Illusions are some of the most toxic fantasies because we compare our life as it is, good and bad, with a dream that no one really touched. And every day we say maybe tomorrow will be better.

But somewhere deep down in our heart, blooms the dissatisfaction that life is not the way it should be. That I am not as I should be because I should always be patient with my children. That my husband is not the way he should be because he should earn a lot and spend more time with his family.

And this “should be” becomes a pressure that transforms a thought and an illusion into a standard that cannot be achieved. And that is the source of suffering for many of us.

“Wishing what cannot be achieved (illusion) and avoiding what cannot be avoided (still illusion) is the source of human suffering” – Zen proverb attributed to the Buddha.

The opposite of illusion is gratitude.

Gratitude appears when you see that everything that goes on is perfect for you, good and bad. Gratitude occurs when you simultaneously see the whole, with its positive side and negative sides, and see how things happen for you.

Now imagine that instead of comparing your husband with the illusion of how he should have behaved when he shouted at you, he did not embrace you and the stormed out of the house…

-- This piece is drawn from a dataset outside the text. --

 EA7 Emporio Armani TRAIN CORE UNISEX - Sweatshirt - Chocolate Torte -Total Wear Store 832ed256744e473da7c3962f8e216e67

Imagine that instead of comparing yourself to your ideal image, the one where you should have 5 kg less, and where you shouldn’t be able to see your belly and you’d like to look like the stars in the pictures of the magazine cover…

Imagine that instead of thinking you should not have shouted angrily at your child when you came home after a hard day, when you had no time to breathe and you came across difficult customers and maybe you had a quarrel with a colleague before, and the child was just the last straw on the camel’s back…

and…

Instead of comparing yourself or comparing others to the ideal picture, the illusion of being perfect having only one side of life,
Instead of judging others that they are not as you imagined, or judging yourself that you are not always perfect,
maybe it’s time to see you’re HUMAN.

And a true HUMAN has both the bright half and the dark half.

Sometimes you are calm and patient, sometimes you are impulsive. Sometimes you express your emotions, sometimes you repress them. Sometimes you offer support, sometimes you offer challenges. Sometimes you get support, sometimes you get challenges.

And instead of comparing yourself to the ideal up to which nobody really lives, but which has been sold to you with great effort by a whole world, you choose to accept yourself as you are, you choose to accept the others as they are, with both halves, ‘good’ and ‘bad’, dark and bright.

You’re a real human and you have both halves (bright and dark) and that’s what makes you perfect. Let yourself be grateful for you as a whole, with both halves –the positive and negative.

And when you are grateful for what you have and who you are, exactly as you are, you turn your life into a source of inspiration, for you and others.

Monica ION

P.S. What is the “negative” thing for which you are grateful today?